La puissance d'un matraquage orwellien représente à la longue la principale compétence des faiseurs de miracles technologiques en audio. On nous endort, on nous embobine, on nous décérèbre.

La CMS ne peut pas tout, certains composants formellement qualitatifs ne sont pas réductibles.

La multiplication des haut-parleurs de technologies prétendues complexes dans une même boite arc-boutée sur des cintres en aluminium n'a pour conséquence que de bomber le torse, pas de balancer la vitesse du swing. Le résultat est un prix élevé pour simuler une originalité qui à l'arrivée n'est qu'une béquille coûteuse à la vacuité créatrice.

Si la modernité technique permet des progrès dans bien des domaines, elle ne répond pas à tout dès lors qu'elle est mal employée ou inutile. Un Airbus embarque certainement beaucoup plus de technologies apparentes qu'un Cap 432, pourtant, côté voltige, le second est plus agile et sa gamme acrobatique dépend essentiellement de la virtuosité du pilote, comme le piano dépend du pianiste.

Or, la musique est acrobaties, pas un vol au long cours.

nous créons

des classiques

Parfois revient à l'esprit, nonobstant les assauts du mensonge commun ou de l'auto-persuasion, qu'un violon est en bois (soit, il y a des exceptions), qu'un homme est de chair, de sang, de larmes et d'espoir, rouvrant l'espace liberté, improviste, frontières abolies et abstraction des nombres.

Sans refuser ce qu'apporte une forme de « progrès », on se dit alors qu'il est plus pertinent de condenser les résultats du travail patient, tranquille, approfondi, qui s'étend sur des décennies, synthèse d'un savoir amoncelé autour d'instants d'émotions fulgurantes imprimées sous la peau, effectué par des passionnés qui jamais n'ont oublié l'essence originelle : La Musique est un art majeur, la haute-fidélité un passeur noble.

Et accepter que cette démarche n'autorisera pas forcément à obtenir des produits de toutes tailles, ou vraiment bon marché. Encore faut-il relativiser ce dernier point car l'erreur est plus ruineuse qu'un investissement sagement construit.

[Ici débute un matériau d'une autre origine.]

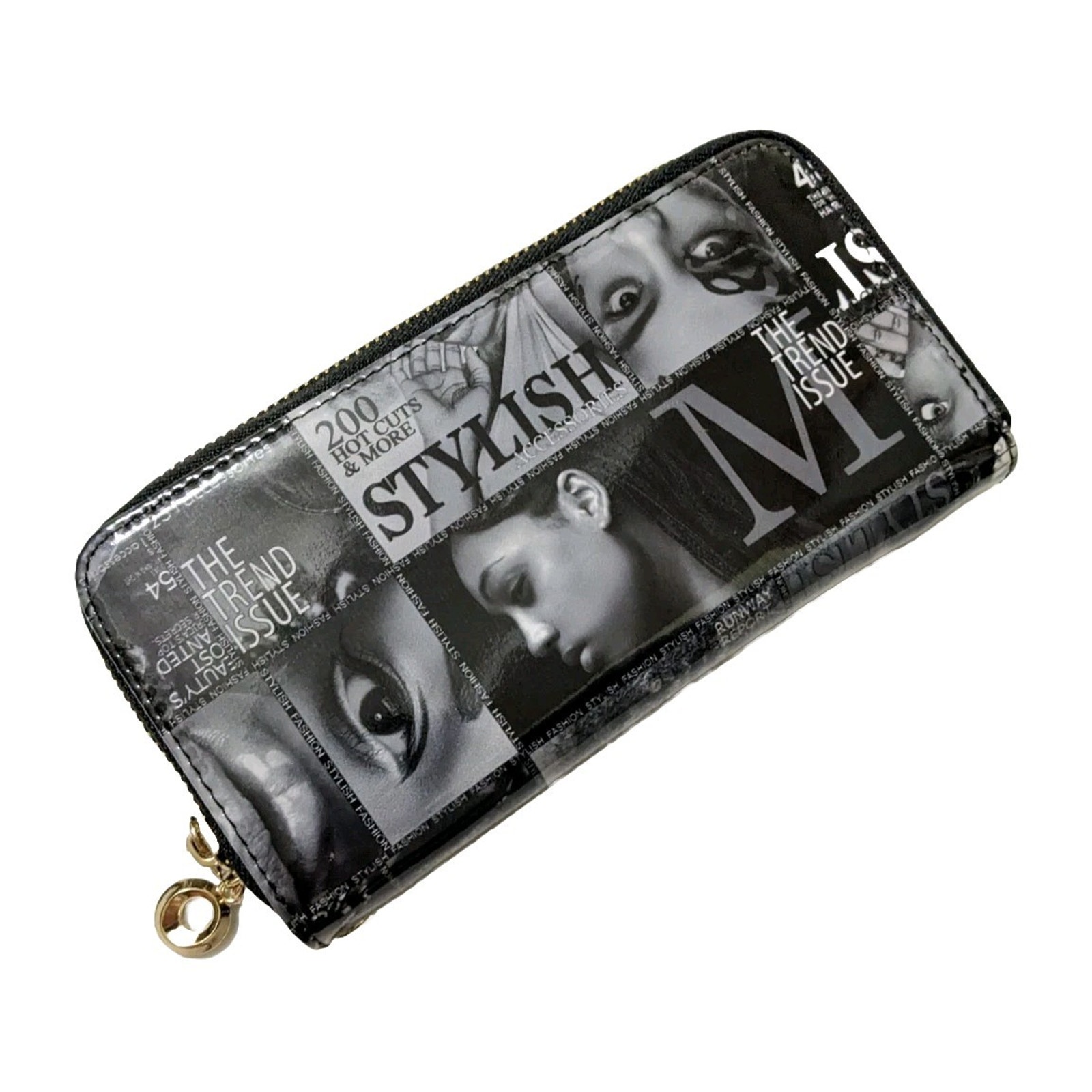 Black White Magazine Print Women Wallet Rare Brand New Stylish Fashionista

Nos ouvrages, inscrits sur les fondamentaux de la musique, s'inscrivent à long terme contre la frustration.

Un classique coûte parfois cher mais ne se démode pas : ppfff entend créer des classiques.

On entend déjà le choeur des indignés : ces inconnus prétendent faire mieux que d'augustes sociétés armées d'un bataillon d'ingénieurs ? C'est un débat vain : un luthier compétent produit des instruments plus habités qu'un industriel doté de gros moyens. Un souffleur de verre traditionnel fabrique des objets d'une richesse et complexité artistique qu'aucune machine ne sait égaler.

Ainsi, une bardée d'ingénieurs surpasse-t-elle la créativité d'une poignée d'enthousiastes armés de dizaines d'années d'expérience concrète ? Peut-elle retrouver l'intelligence des mains indispensable au développement d'objets aussi complexes que des enceintes à pavillon arrière, l'expérience des montages lâches de matériaux alternés pour diffuser les modes vibratoires, la connaissance vécue des composants électroniques, la longue culture d'oreilles dévouées à l'étude des « phonèmes » de la musique depuis des décennies ?

Rajoutons que certains produits ne sont développables que par des petites structures qui n'ont pas la contrainte du développement vertical, c'est-à-dire par réduction ou grossissement d'un même produit pour proposer une gamme qu'il faut en outre renouveler souvent pour rester en tête de liste, alors qu'un bon produit est impérissable et donc problématique dans la nécessité « marchandisage » d'un renouvellement perpétuel.

De même, certains produits n'ont de sens que dans le cadre de petites structures parce qu'elles n'ont pas à prétendre à l'universalité. La Hifi s'est enfermée dans la pensée réductrice que, pour plaire au maximum de monde, il faut penser compromis. Alors que pour aller au bout d'une intransigeance élective, il faut les combattre avec opiniâtreté acceptant que la majorité démocratique n'a pas toujours raison.

chez ppfff
chaque étude est unique

Chaque charge acoustique est un développement en soit et l'évolution de gamme est horizontale par un degré croissant de luxe dans le choix des composants, chaque produit s'inscrit dans le long terme ; après tout c'est ça la haute-fidélité, non ? Un engagement dans la durée.